Directions: Before returning the data, strip out the pictures and keep everything else exactly the same.

Dataset extract:
-----

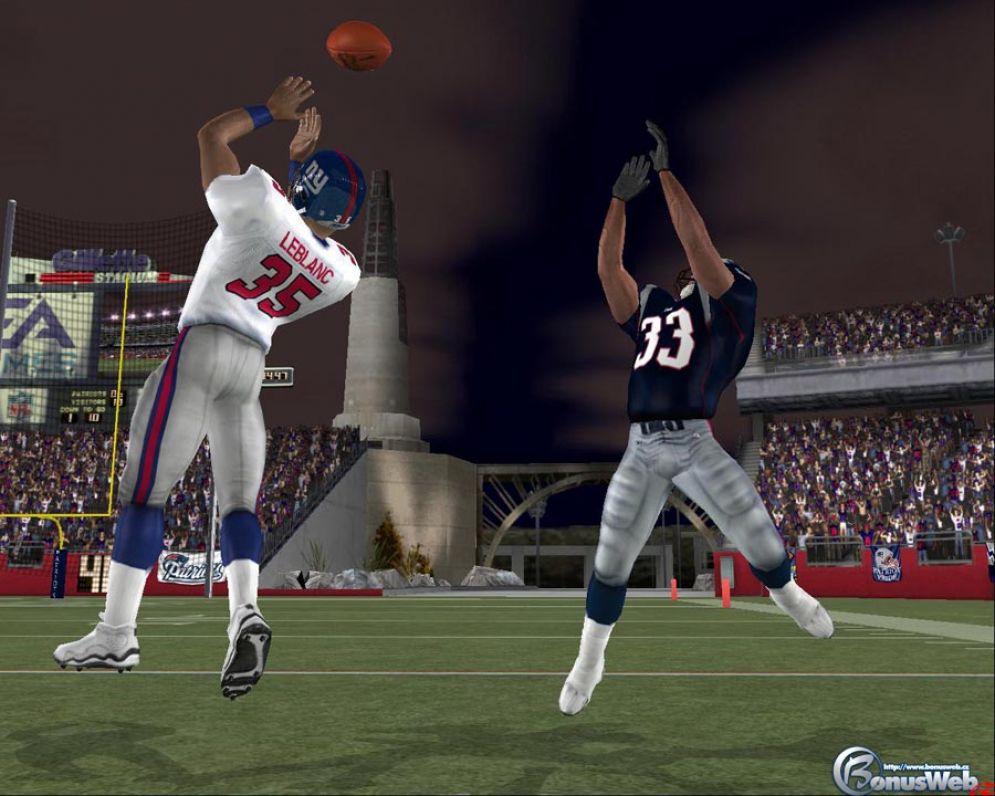 Screenshot ze hry Madden NFL 04 - Recenze-her.cz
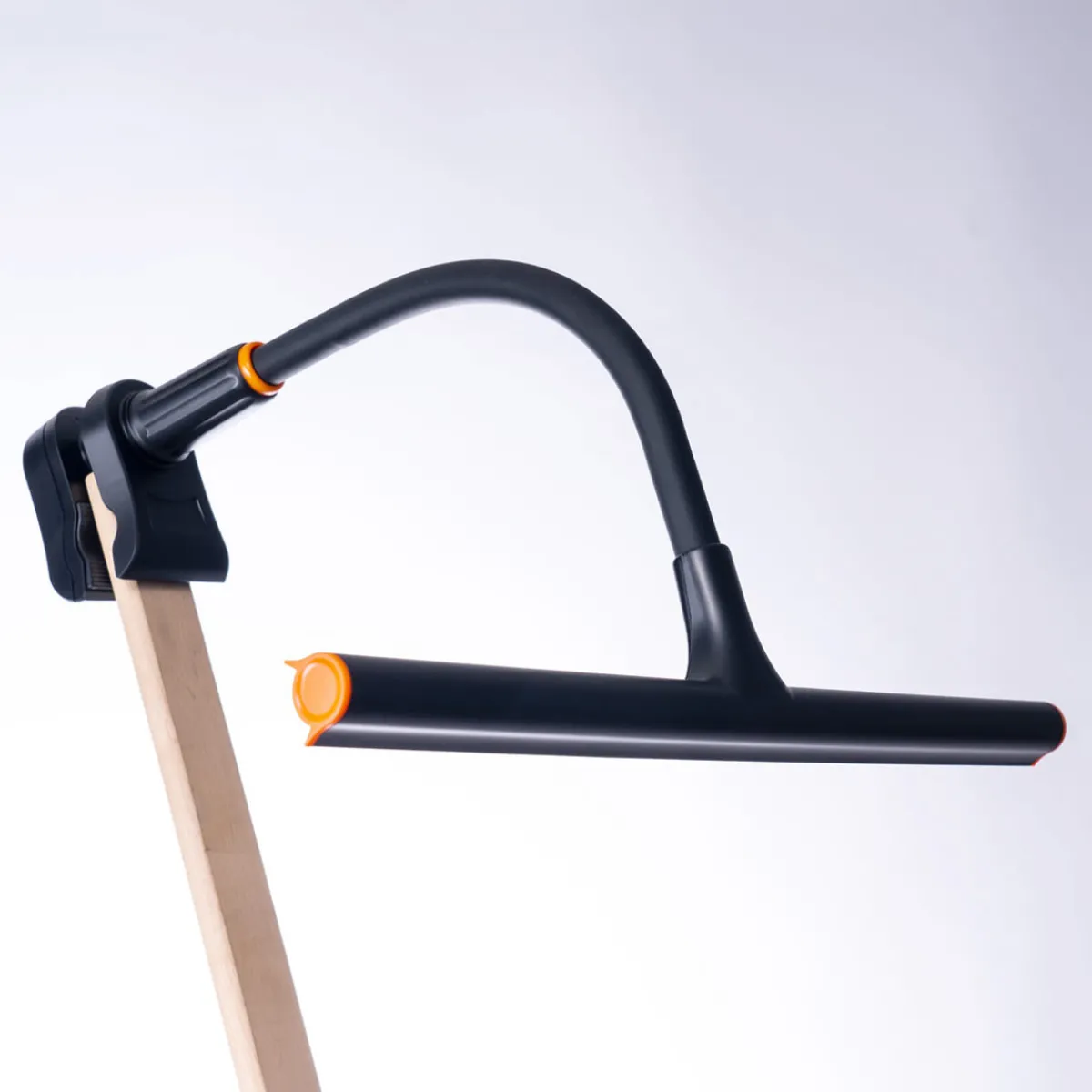 Memsender Incorporated DBA Memsender Clip-On LED Easel Lamp
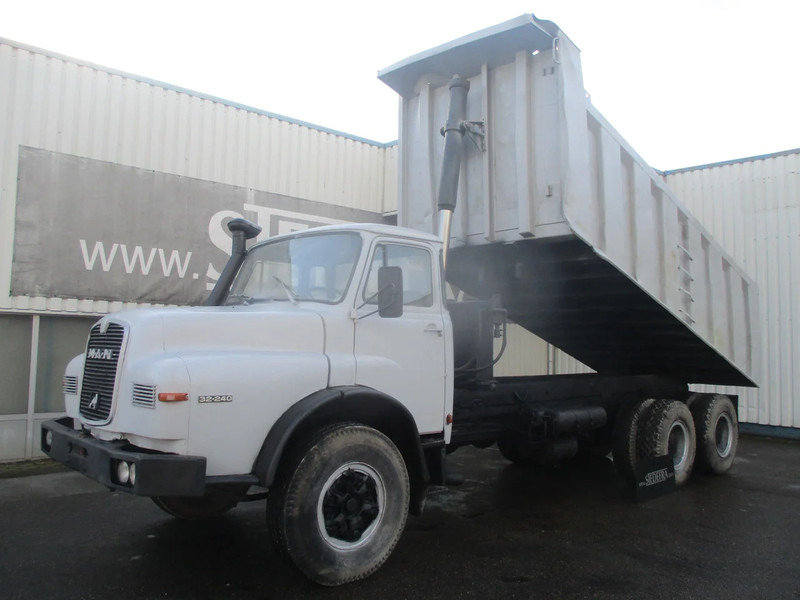 MAN 32.240 , Manual , 6x4 , Tipper truck , Spring suspension - Кипер: слика 1 MAN 32.240 , Manual , 6x4 , Tipper truck , Spring suspension - Кипер: слика 1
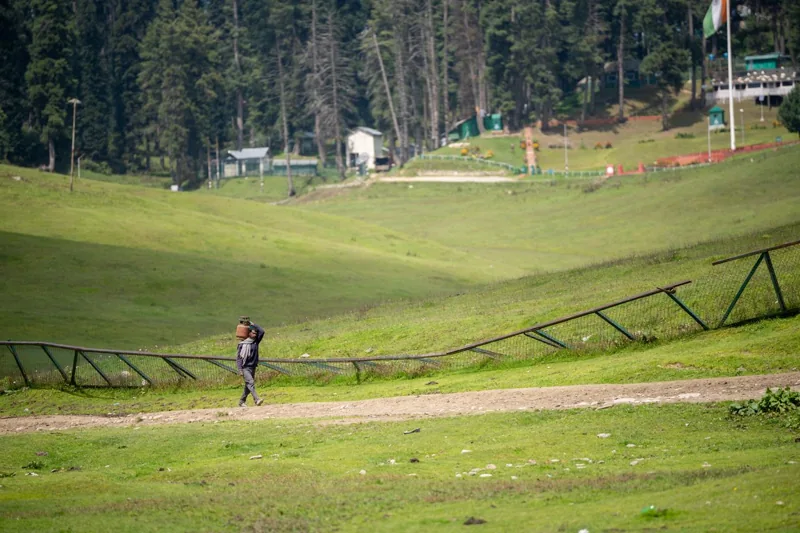 Kashmir landscape for Kashmir Fixed Departure Group Tour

-----

Output of the task:
 Screenshot ze hry Madden NFL 04 - Recenze-her.cz
 Memsender Incorporated DBA Memsender Clip-On LED Easel Lamp
 MAN 32.240 , Manual , 6x4 , Tipper truck , Spring suspension - Кипер: слика 1 MAN 32.240 , Manual , 6x4 , Tipper truck , Spring suspension - Кипер: слика 1
 Kashmir landscape for Kashmir Fixed Departure Group Tour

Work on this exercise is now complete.